16. The additive manufacturing method configured to construct a three-dimensional object as recited in claim 13, and further including the step of constructing the sliced layer set, wherein each layer geometry of the sliced layer set is constructed by data points mathematically transformed, approximated, interpolated, extrapolated or optimized from corresponding geometries of the computer aided design of the obj ect.

17. The additive manufacturing method configured to construct a three-dimensional object as recited in claim 13, wherein each layer geometry of the cross sectional sliced layer set is represented by at least two different cross sections normal the layer height and a thickness for each layer of the sliced layer set.

18. The additive manufacturing method configured to construct a three-dimensional object as recited in claim 13, wherein each layer of the sliced layer set has a minimum thickness of one hundred microns.

19. The additive manufacturing method configured to construct a three-dimensional object as recited in claim 13, wherein the method includes manufacturing techniques selected from a group of manufacturing techniques consisting of at least one of the following: cutting, milling, grinding, deburring, polishing, drilling, welding, joining, fastening, adhesion, pressing, heating, and robotics.

20. The additive manufacturing method configured to construct a three-dimensional object as recited in claim 19, wherein at least one of said manufacturing techniques is operable in at least fives axis.

21. The additive manufacturing method configured to construct a three-dimensional object as recited in claim 13, wherein each of said sheet-like layer can be produced from said set of cross-sectional slice layer geometries in a separate location by a different apparatus.

22. The additive manufacturing method configured to construct a three-dimensional object as recited in claim 13, and further including a step of utilizing at least two adjacent strips of material wherein the at least two adjacent strips of material are configured to comprise a layer of the three dimensional object.

23. The additive manufacturing method configured to construct a three-dimensional object as recited in claim 13, wherein each of the sliced layers in the sliced layer set is a three- dimensional sliced layer geometry.

24. The additive manufacturing method configured to construct a three-dimensional object as recited in claim 13, and further including a step of finishing a layer or a plurality of layers that have been joined to a preceding layer, wherein said finishing step configured to improve the dimensional and geometrical accuracy and the surface finish and increase the density _utilizing at least one of the following techniques: grinding, milling, polishing, cutting, drilling, welding, heating, pressing, pressurizing, or a combination thereof.

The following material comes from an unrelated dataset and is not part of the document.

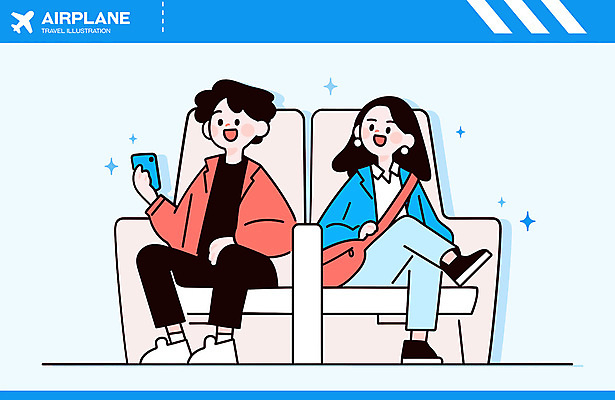 전신 커플 여자 남자 행복 여행 하늘색 의자 일러스트 비행기 미소 들기 앉기 성인 두명 반짝임 스마트폰 청춘 다리꼬기 크로스백 기내 성인만 국내일러스트 AI파일 감정 가구 컨셉 가방 관계 항공교통 모션 대중교통 표정 사람 파란색 핸드폰 스마트기기 공공장소 파일형식 벡터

25. The additive manufacturing method configured to construct a three-dimensional object as recited in claim 13, wherein the software program generates three dimensional sliced layer geometries and compile said geometries into an execution file.

26. The additive manufacturing method configured to construct a three-dimensional object as recited in claim 13, and further including the step of operating the apparatus in an environmental atmosphere that has a substantially reduced level of oxygen therein.

27. The additive manufacturing method configured to construct a three-dimensional object as recited in claim 13, wherein the shaping or preparation of one of said plurality of said sheet-like layers includes a fusion or sintering process performed by a technique consisting of one of the following techniques: electric arc heating, electric arc welding, laser beam heating, electron beam heating, plasma arc heating, electromagnetic induction heating, resistance heating, resistance welding, microwave heating, IR radiant heating, RF radiant heating, gas torch welding, friction heating, pressing.

28. The additive manufacturing method configured to construct a three-dimensional object as recited in claim 19, wherein the manufacturing technique of cutting is performed by a technique consisting of one of the following techniques: laser beam cutting, electron beam cutting, plasma arc cutting, water jet cutting, milling, sawing, abrading, shearing, torch cutting, electrical discharge machining.